Records Start Marker

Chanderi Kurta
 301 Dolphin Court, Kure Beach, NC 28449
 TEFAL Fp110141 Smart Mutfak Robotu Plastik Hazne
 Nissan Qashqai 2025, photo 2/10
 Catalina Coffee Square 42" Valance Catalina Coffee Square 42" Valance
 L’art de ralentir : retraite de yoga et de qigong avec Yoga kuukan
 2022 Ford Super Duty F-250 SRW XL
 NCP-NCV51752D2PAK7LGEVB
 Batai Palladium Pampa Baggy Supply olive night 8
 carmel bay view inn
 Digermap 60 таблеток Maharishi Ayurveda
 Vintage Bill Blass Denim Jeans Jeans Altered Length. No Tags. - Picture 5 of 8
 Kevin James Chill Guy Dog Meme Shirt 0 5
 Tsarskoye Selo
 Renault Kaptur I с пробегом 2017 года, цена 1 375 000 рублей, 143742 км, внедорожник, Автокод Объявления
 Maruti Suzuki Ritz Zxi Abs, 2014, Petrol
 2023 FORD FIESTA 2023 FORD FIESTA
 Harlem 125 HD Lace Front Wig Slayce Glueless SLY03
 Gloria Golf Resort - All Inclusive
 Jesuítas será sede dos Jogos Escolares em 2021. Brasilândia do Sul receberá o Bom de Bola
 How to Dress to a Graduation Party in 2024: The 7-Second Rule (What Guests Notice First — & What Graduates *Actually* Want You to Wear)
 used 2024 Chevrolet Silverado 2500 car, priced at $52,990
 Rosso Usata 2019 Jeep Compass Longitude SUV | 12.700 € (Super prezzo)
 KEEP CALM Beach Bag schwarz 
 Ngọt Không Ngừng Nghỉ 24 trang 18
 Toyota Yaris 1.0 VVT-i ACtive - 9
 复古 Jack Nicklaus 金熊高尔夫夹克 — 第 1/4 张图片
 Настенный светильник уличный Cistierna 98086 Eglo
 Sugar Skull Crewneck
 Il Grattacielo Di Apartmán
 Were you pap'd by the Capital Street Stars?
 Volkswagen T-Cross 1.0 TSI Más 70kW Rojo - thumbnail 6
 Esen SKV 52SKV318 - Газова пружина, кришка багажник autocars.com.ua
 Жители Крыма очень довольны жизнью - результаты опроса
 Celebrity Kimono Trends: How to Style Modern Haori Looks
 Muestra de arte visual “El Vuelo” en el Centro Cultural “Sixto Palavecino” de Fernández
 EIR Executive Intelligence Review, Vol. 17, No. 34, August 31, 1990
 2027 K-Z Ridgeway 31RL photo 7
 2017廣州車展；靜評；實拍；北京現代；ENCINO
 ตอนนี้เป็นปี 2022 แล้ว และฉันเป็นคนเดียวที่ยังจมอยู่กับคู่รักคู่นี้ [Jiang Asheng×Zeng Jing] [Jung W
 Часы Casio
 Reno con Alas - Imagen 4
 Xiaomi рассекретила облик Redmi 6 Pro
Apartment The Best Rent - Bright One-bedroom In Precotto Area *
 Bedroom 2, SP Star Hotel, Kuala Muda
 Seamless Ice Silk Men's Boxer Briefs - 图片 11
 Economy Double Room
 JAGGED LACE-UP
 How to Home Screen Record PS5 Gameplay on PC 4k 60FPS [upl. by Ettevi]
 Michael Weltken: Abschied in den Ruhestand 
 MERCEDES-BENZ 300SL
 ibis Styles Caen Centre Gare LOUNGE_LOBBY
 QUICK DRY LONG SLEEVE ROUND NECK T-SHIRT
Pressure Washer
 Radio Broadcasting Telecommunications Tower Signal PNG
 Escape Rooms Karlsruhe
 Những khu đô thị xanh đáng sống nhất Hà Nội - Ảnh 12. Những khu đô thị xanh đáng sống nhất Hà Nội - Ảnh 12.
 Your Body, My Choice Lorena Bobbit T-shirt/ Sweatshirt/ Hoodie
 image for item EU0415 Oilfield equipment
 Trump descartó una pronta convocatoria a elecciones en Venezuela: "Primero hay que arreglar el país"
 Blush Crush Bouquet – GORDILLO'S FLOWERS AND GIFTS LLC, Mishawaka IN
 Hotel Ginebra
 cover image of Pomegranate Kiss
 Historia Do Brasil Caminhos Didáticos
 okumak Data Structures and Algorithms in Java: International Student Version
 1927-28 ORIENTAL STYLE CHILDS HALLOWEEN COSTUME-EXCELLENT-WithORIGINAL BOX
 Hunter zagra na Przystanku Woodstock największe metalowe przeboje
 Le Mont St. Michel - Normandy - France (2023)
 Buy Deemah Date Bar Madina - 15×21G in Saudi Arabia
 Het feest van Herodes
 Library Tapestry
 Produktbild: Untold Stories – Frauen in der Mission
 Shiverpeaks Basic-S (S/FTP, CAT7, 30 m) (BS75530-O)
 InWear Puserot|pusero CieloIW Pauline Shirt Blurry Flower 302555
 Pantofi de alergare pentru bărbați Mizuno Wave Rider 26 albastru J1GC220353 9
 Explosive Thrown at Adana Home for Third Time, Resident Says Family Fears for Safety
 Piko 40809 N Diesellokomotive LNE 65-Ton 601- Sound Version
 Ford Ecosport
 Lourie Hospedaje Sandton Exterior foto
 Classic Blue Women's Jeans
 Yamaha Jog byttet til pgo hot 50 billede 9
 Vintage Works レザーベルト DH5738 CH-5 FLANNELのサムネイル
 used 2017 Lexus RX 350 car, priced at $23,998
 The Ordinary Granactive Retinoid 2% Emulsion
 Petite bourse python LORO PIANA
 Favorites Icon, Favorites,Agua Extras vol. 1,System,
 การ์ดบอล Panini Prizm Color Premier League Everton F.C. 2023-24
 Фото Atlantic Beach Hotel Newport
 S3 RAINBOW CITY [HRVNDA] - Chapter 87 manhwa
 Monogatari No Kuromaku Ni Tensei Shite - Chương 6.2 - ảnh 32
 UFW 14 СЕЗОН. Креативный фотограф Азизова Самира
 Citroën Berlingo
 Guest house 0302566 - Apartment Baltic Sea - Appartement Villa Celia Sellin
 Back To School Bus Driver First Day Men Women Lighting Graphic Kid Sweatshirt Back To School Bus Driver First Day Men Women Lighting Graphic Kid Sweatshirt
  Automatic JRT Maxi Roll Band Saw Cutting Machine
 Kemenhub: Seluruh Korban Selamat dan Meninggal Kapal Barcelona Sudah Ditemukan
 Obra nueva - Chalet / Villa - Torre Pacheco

Records End Marker

### Task instructions:
All of the data above should be reproduced exactly, with nothing left out.

### Response to the task:
Chanderi Kurta
 301 Dolphin Court, Kure Beach, NC 28449
 TEFAL Fp110141 Smart Mutfak Robotu Plastik Hazne
 Nissan Qashqai 2025, photo 2/10
 Catalina Coffee Square 42" Valance Catalina Coffee Square 42" Valance
 L’art de ralentir : retraite de yoga et de qigong avec Yoga kuukan
 2022 Ford Super Duty F-250 SRW XL
 NCP-NCV51752D2PAK7LGEVB
 Batai Palladium Pampa Baggy Supply olive night 8
 carmel bay view inn
 Digermap 60 таблеток Maharishi Ayurveda
 Vintage Bill Blass Denim Jeans Jeans Altered Length. No Tags. - Picture 5 of 8
 Kevin James Chill Guy Dog Meme Shirt 0 5
 Tsarskoye Selo
 Renault Kaptur I с пробегом 2017 года, цена 1 375 000 рублей, 143742 км, внедорожник, Автокод Объявления
 Maruti Suzuki Ritz Zxi Abs, 2014, Petrol
 2023 FORD FIESTA 2023 FORD FIESTA
 Harlem 125 HD Lace Front Wig Slayce Glueless SLY03
 Gloria Golf Resort - All Inclusive
 Jesuítas será sede dos Jogos Escolares em 2021. Brasilândia do Sul receberá o Bom de Bola
 How to Dress to a Graduation Party in 2024: The 7-Second Rule (What Guests Notice First — & What Graduates *Actually* Want You to Wear)
 used 2024 Chevrolet Silverado 2500 car, priced at $52,990
 Rosso Usata 2019 Jeep Compass Longitude SUV | 12.700 € (Super prezzo)
 KEEP CALM Beach Bag schwarz 
 Ngọt Không Ngừng Nghỉ 24 trang 18
 Toyota Yaris 1.0 VVT-i ACtive - 9
 复古 Jack Nicklaus 金熊高尔夫夹克 — 第 1/4 张图片
 Настенный светильник уличный Cistierna 98086 Eglo
 Sugar Skull Crewneck
 Il Grattacielo Di Apartmán
 Were you pap'd by the Capital Street Stars?
 Volkswagen T-Cross 1.0 TSI Más 70kW Rojo - thumbnail 6
 Esen SKV 52SKV318 - Газова пружина, кришка багажник autocars.com.ua
 Жители Крыма очень довольны жизнью - результаты опроса
 Celebrity Kimono Trends: How to Style Modern Haori Looks
 Muestra de arte visual “El Vuelo” en el Centro Cultural “Sixto Palavecino” de Fernández
 EIR Executive Intelligence Review, Vol. 17, No. 34, August 31, 1990
 2027 K-Z Ridgeway 31RL photo 7
 2017廣州車展；靜評；實拍；北京現代；ENCINO
 ตอนนี้เป็นปี 2022 แล้ว และฉันเป็นคนเดียวที่ยังจมอยู่กับคู่รักคู่นี้ [Jiang Asheng×Zeng Jing] [Jung W
 Часы Casio
 Reno con Alas - Imagen 4
 Xiaomi рассекретила облик Redmi 6 Pro
Apartment The Best Rent - Bright One-bedroom In Precotto Area *
 Bedroom 2, SP Star Hotel, Kuala Muda
 Seamless Ice Silk Men's Boxer Briefs - 图片 11
 Economy Double Room
 JAGGED LACE-UP
 How to Home Screen Record PS5 Gameplay on PC 4k 60FPS [upl. by Ettevi]
 Michael Weltken: Abschied in den Ruhestand 
 MERCEDES-BENZ 300SL
 ibis Styles Caen Centre Gare LOUNGE_LOBBY
 QUICK DRY LONG SLEEVE ROUND NECK T-SHIRT
Pressure Washer
 Radio Broadcasting Telecommunications Tower Signal PNG
 Escape Rooms Karlsruhe
 Những khu đô thị xanh đáng sống nhất Hà Nội - Ảnh 12. Những khu đô thị xanh đáng sống nhất Hà Nội - Ảnh 12.
 Your Body, My Choice Lorena Bobbit T-shirt/ Sweatshirt/ Hoodie
 image for item EU0415 Oilfield equipment
 Trump descartó una pronta convocatoria a elecciones en Venezuela: "Primero hay que arreglar el país"
 Blush Crush Bouquet – GORDILLO'S FLOWERS AND GIFTS LLC, Mishawaka IN
 Hotel Ginebra
 cover image of Pomegranate Kiss
 Historia Do Brasil Caminhos Didáticos
 okumak Data Structures and Algorithms in Java: International Student Version
 1927-28 ORIENTAL STYLE CHILDS HALLOWEEN COSTUME-EXCELLENT-WithORIGINAL BOX
 Hunter zagra na Przystanku Woodstock największe metalowe przeboje
 Le Mont St. Michel - Normandy - France (2023)
 Buy Deemah Date Bar Madina - 15×21G in Saudi Arabia
 Het feest van Herodes
 Library Tapestry
 Produktbild: Untold Stories – Frauen in der Mission
 Shiverpeaks Basic-S (S/FTP, CAT7, 30 m) (BS75530-O)
 InWear Puserot|pusero CieloIW Pauline Shirt Blurry Flower 302555
 Pantofi de alergare pentru bărbați Mizuno Wave Rider 26 albastru J1GC220353 9
 Explosive Thrown at Adana Home for Third Time, Resident Says Family Fears for Safety
 Piko 40809 N Diesellokomotive LNE 65-Ton 601- Sound Version
 Ford Ecosport
 Lourie Hospedaje Sandton Exterior foto
 Classic Blue Women's Jeans
 Yamaha Jog byttet til pgo hot 50 billede 9
 Vintage Works レザーベルト DH5738 CH-5 FLANNELのサムネイル
 used 2017 Lexus RX 350 car, priced at $23,998
 The Ordinary Granactive Retinoid 2% Emulsion
 Petite bourse python LORO PIANA
 Favorites Icon, Favorites,Agua Extras vol. 1,System,
 การ์ดบอล Panini Prizm Color Premier League Everton F.C. 2023-24
 Фото Atlantic Beach Hotel Newport
 S3 RAINBOW CITY [HRVNDA] - Chapter 87 manhwa
 Monogatari No Kuromaku Ni Tensei Shite - Chương 6.2 - ảnh 32
 UFW 14 СЕЗОН. Креативный фотограф Азизова Самира
 Citroën Berlingo
 Guest house 0302566 - Apartment Baltic Sea - Appartement Villa Celia Sellin
 Back To School Bus Driver First Day Men Women Lighting Graphic Kid Sweatshirt Back To School Bus Driver First Day Men Women Lighting Graphic Kid Sweatshirt
  Automatic JRT Maxi Roll Band Saw Cutting Machine
 Kemenhub: Seluruh Korban Selamat dan Meninggal Kapal Barcelona Sudah Ditemukan
 Obra nueva - Chalet / Villa - Torre Pacheco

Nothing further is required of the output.